- **DATA EXCERPTS**
Content starts

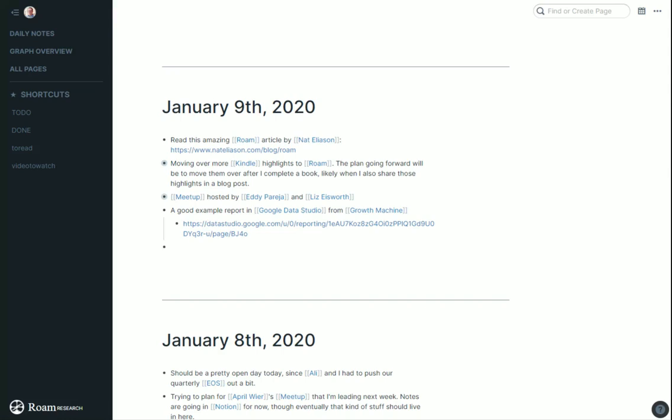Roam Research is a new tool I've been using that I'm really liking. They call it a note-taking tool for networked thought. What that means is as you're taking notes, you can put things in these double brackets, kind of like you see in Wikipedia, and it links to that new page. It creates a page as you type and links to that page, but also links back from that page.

Content ends
Content starts

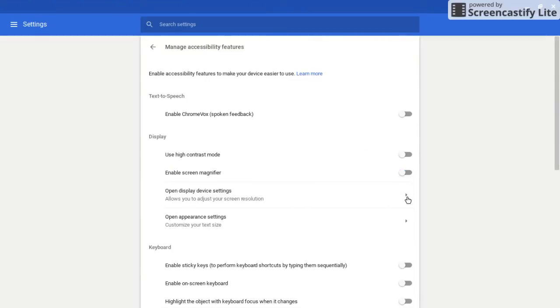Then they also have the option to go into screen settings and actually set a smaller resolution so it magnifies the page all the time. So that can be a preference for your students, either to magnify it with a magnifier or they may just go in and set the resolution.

Content ends
Content starts

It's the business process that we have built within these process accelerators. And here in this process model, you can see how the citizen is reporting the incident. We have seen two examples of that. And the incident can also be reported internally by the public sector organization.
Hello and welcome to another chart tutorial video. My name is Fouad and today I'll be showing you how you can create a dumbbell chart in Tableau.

Content ends

- **PROBLEM REQUIREMENTS**
From the records above, print only the lines between the one holding "It's the business" and the one holding "Hello and welcome", inclusive, exactly as they stand.

- **RESPONSE AREA**
It's the business process that we have built within these process accelerators. And here in this process model, you can see how the citizen is reporting the incident. We have seen two examples of that. And the incident can also be reported internally by the public sector organization.
Hello and welcome to another chart tutorial video. My name is Fouad and today I'll be showing you how you can create a dumbbell chart in Tableau.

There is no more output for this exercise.